By default, MySQL (8.0.18 and later) employs hash joins
whenever possible. It is possible to control whether hash
joins are employed using one of the
BNL
and
NO_BNL
optimizer hints, or
by setting
block_nested_loop=on
or
block_nested_loop=off
as part of the
setting for the optimizer_switch server system variable.
MySQL 8.0.18 supported setting a
hash_join
flag in
optimizer_switch
, as well
as the optimizer hints
HASH_JOIN
and
NO_HASH_JOIN
. In MySQL 8.0.19 and later,
none of these have any effect any longer.
Beginning with MySQL 8.0.18, MySQL employs a hash join for any query for which each join has an equi-join condition, and in which there are no indexes that can be applied to any join conditions, such as this one:
SELECT *
FROM t1
JOIN t2
ON t1.c1=t2.c1;
A hash join can also be used when there are one or more indexes that can be used for single-table predicates.
A hash join is usually faster than and is intended to be used in such cases instead of the block nested loop algorithm (see Block Nested-Loop Join Algorithm) employed in previous versions of MySQL. Beginning with MySQL 8.0.20, support for block nested loop is removed, and the server employs a hash join wherever a block nested loop would have been used previously.
In the example just shown and the remaining examples in this
section, we assume that the three tables
t1
, t2
, and
t3
have been created using the following
statements:
CREATE TABLE t1 (c1 INT, c2 INT);
CREATE TABLE t2 (c1 INT, c2 INT);
CREATE TABLE t3 (c1 INT, c2 INT);
You can see that a hash join is being employed by using
EXPLAIN
,
like this:
mysql> EXPLAIN
-> SELECT * FROM t1
-> JOIN t2 ON t1.c1=t2.c1\G
*************************** 1. row ***************************
id: 1
select_type: SIMPLE
table: t1
partitions: NULL
type: ALL
possible_keys: NULL
key: NULL
key_len: NULL
ref: NULL
rows: 1
filtered: 100.00
Extra: NULL
*************************** 2. row ***************************
id: 1
select_type: SIMPLE
table: t2
partitions: NULL
type: ALL
possible_keys: NULL
key: NULL
key_len: NULL
ref: NULL
rows: 1
filtered: 100.00
Extra: Using where; Using join buffer (hash join)

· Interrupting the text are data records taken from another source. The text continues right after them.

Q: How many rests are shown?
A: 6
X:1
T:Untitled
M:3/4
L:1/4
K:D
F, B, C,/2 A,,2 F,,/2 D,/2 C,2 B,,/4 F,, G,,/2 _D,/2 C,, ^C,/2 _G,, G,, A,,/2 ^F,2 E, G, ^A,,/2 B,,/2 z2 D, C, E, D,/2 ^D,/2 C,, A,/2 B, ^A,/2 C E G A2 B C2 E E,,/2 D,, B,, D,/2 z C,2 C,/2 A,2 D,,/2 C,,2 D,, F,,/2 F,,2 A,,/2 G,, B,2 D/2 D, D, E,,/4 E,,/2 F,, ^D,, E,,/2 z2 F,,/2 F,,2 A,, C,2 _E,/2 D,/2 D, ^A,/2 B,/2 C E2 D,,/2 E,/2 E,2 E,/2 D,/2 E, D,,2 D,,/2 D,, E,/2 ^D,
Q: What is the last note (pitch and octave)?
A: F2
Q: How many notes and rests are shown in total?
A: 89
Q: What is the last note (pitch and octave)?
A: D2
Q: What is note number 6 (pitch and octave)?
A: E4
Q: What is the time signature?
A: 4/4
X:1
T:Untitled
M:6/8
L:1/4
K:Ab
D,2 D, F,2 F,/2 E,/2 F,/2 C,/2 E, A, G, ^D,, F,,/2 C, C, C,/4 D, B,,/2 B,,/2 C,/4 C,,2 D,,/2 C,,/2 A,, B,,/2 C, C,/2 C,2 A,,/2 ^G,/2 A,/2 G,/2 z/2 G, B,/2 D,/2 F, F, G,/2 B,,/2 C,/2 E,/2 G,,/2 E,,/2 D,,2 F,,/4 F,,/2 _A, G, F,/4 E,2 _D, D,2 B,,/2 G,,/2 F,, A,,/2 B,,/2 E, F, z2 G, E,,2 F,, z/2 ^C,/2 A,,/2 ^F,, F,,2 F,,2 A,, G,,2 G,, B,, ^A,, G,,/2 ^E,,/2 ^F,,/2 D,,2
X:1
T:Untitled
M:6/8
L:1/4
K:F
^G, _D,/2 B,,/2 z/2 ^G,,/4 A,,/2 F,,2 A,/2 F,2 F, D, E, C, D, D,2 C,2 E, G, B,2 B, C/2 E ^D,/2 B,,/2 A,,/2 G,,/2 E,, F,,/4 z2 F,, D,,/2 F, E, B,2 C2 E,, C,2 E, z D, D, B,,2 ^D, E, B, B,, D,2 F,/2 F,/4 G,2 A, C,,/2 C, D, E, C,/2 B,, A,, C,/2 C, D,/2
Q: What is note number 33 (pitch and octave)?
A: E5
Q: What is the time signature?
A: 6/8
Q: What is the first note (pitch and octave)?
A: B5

(Prior to MySQL 8.0.20, it was necessary to include the
FORMAT=TREE
option to see whether hash
joins were being used for a given join.)
EXPLAIN ANALYZE
also displays
information about hash joins used.
The hash join is used for queries involving multiple joins as well, as long as at least one join condition for each pair of tables is an equi-join, like the query shown here:
SELECT * FROM t1
JOIN t2 ON (t1.c1 = t2.c1 AND t1.c2 < t2.c2)
JOIN t3 ON (t2.c1 = t3.c1);
In cases like the one just shown, which makes use of an inner
join, any extra conditions which are not equi-joins are
applied as filters after the join is executed. (For outer
joins, such as left joins, semijoins, and antijoins, they are
printed as part of the join.) This can be seen here in the
output of EXPLAIN
:
mysql> EXPLAIN FORMAT=TREE
-> SELECT *
-> FROM t1
-> JOIN t2
-> ON (t1.c1 = t2.c1 AND t1.c2 < t2.c2)
-> JOIN t3
-> ON (t2.c1 = t3.c1)\G
*************************** 1. row ***************************
EXPLAIN: -> Inner hash join (t3.c1 = t1.c1) (cost=1.05 rows=1)
-> Table scan on t3 (cost=0.35 rows=1)
-> Hash
-> Filter: (t1.c2 < t2.c2) (cost=0.70 rows=1)
-> Inner hash join (t2.c1 = t1.c1) (cost=0.70 rows=1)
-> Table scan on t2 (cost=0.35 rows=1)
-> Hash
-> Table scan on t1 (cost=0.35 rows=1)
As also can be seen from the output just shown, multiple hash joins can be (and are) used for joins having multiple equi-join conditions.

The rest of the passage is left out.